Records shown |

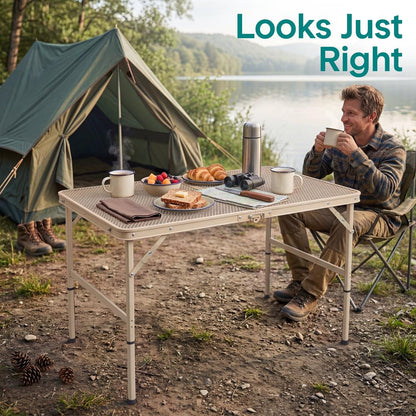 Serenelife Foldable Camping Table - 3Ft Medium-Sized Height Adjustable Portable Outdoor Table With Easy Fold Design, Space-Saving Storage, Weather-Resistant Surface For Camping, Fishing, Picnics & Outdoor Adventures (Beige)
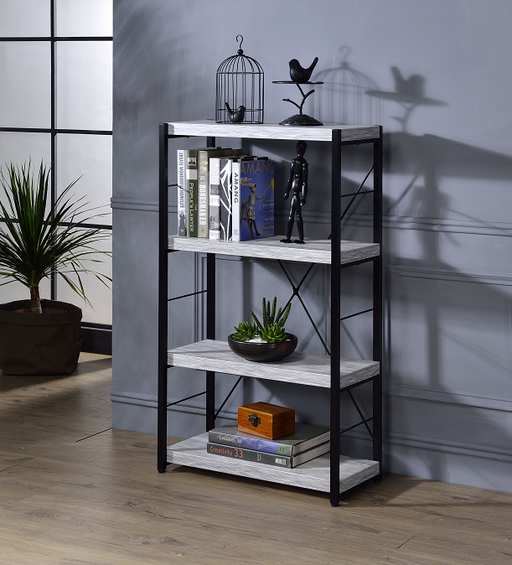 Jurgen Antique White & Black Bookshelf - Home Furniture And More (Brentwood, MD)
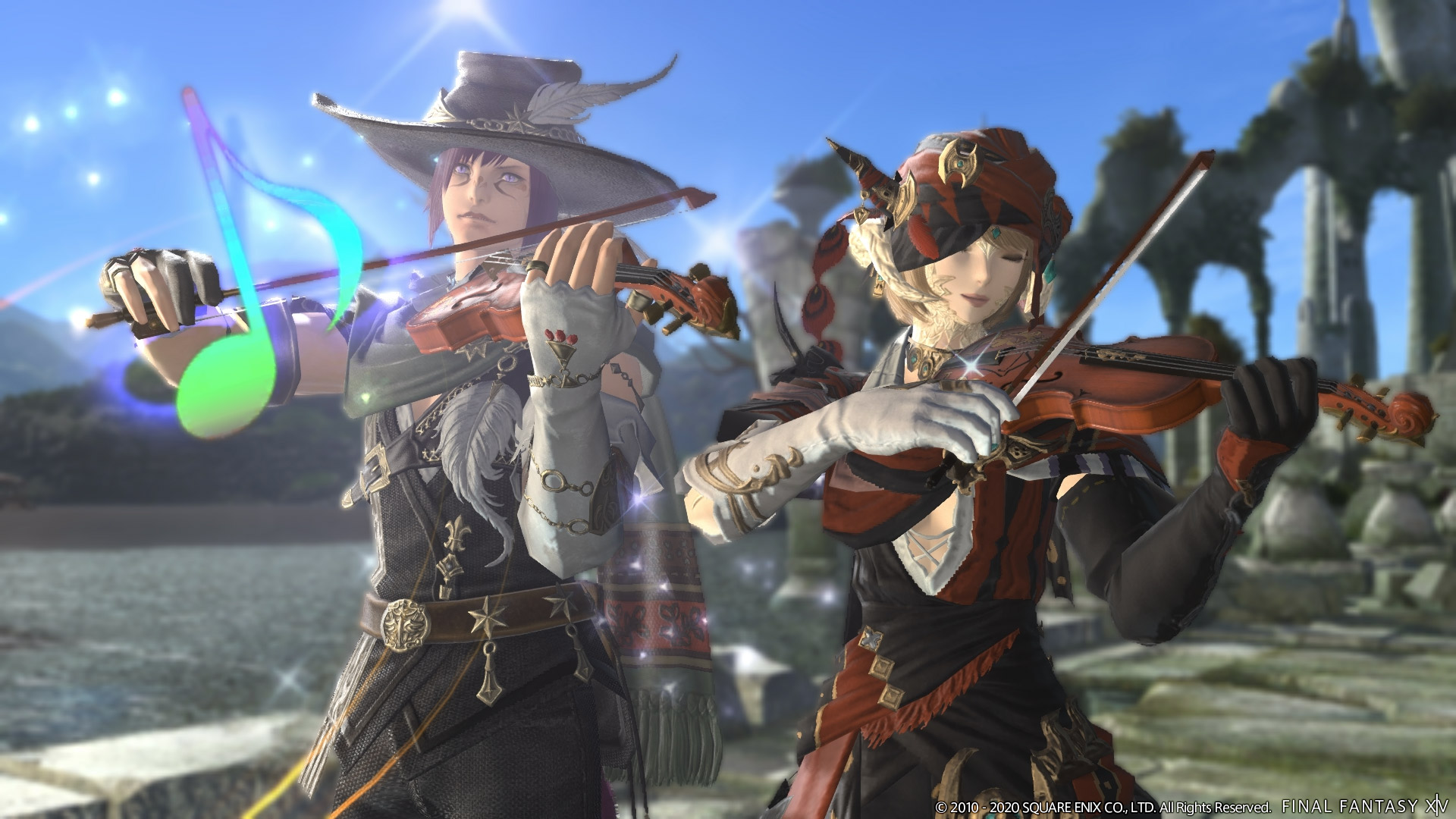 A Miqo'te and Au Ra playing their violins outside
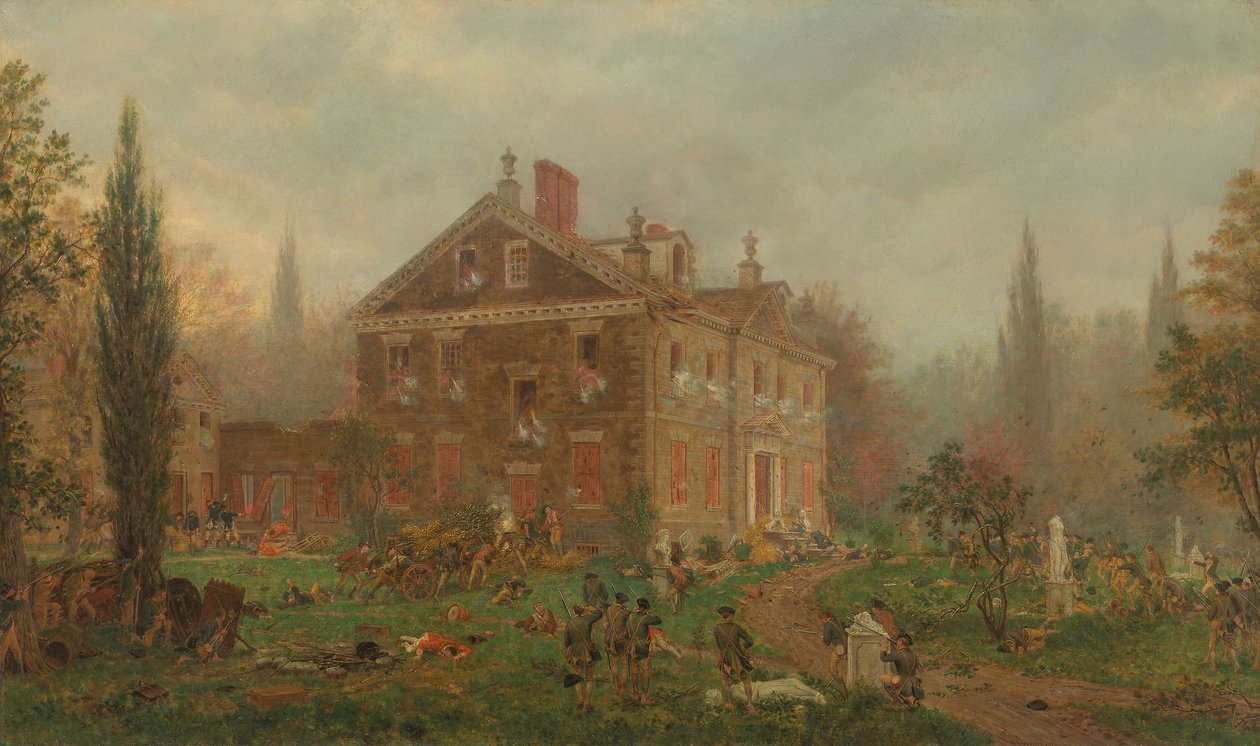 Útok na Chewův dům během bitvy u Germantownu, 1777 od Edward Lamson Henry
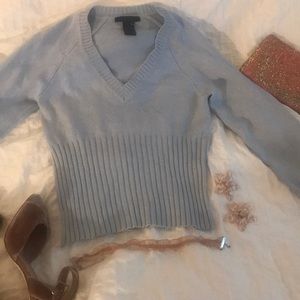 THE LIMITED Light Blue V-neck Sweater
==
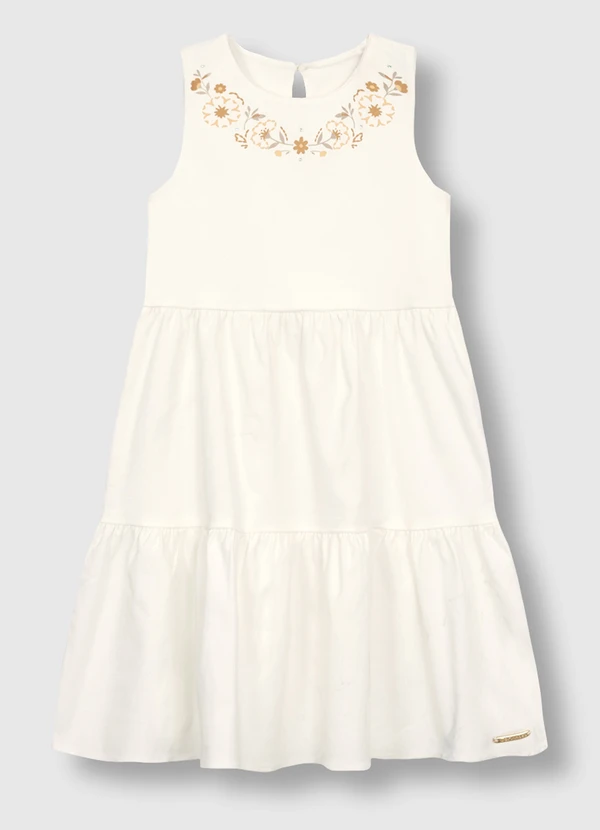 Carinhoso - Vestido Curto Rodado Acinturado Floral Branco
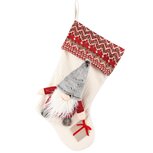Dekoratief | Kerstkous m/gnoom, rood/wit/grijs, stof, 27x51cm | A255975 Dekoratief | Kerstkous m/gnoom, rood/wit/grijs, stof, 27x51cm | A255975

Task brief | Leaving each picture behind, please give again exactly the lines above from the one with "Serenelife Foldable Camping" through the one with "THE LIMITED Light Blue V-neck Sweater", both included, and no others.

Problem solution |
 Serenelife Foldable Camping Table - 3Ft Medium-Sized Height Adjustable Portable Outdoor Table With Easy Fold Design, Space-Saving Storage, Weather-Resistant Surface For Camping, Fishing, Picnics & Outdoor Adventures (Beige)
 Jurgen Antique White & Black Bookshelf - Home Furniture And More (Brentwood, MD)
 A Miqo'te and Au Ra playing their violins outside
 Útok na Chewův dům během bitvy u Germantownu, 1777 od Edward Lamson Henry
 THE LIMITED Light Blue V-neck Sweater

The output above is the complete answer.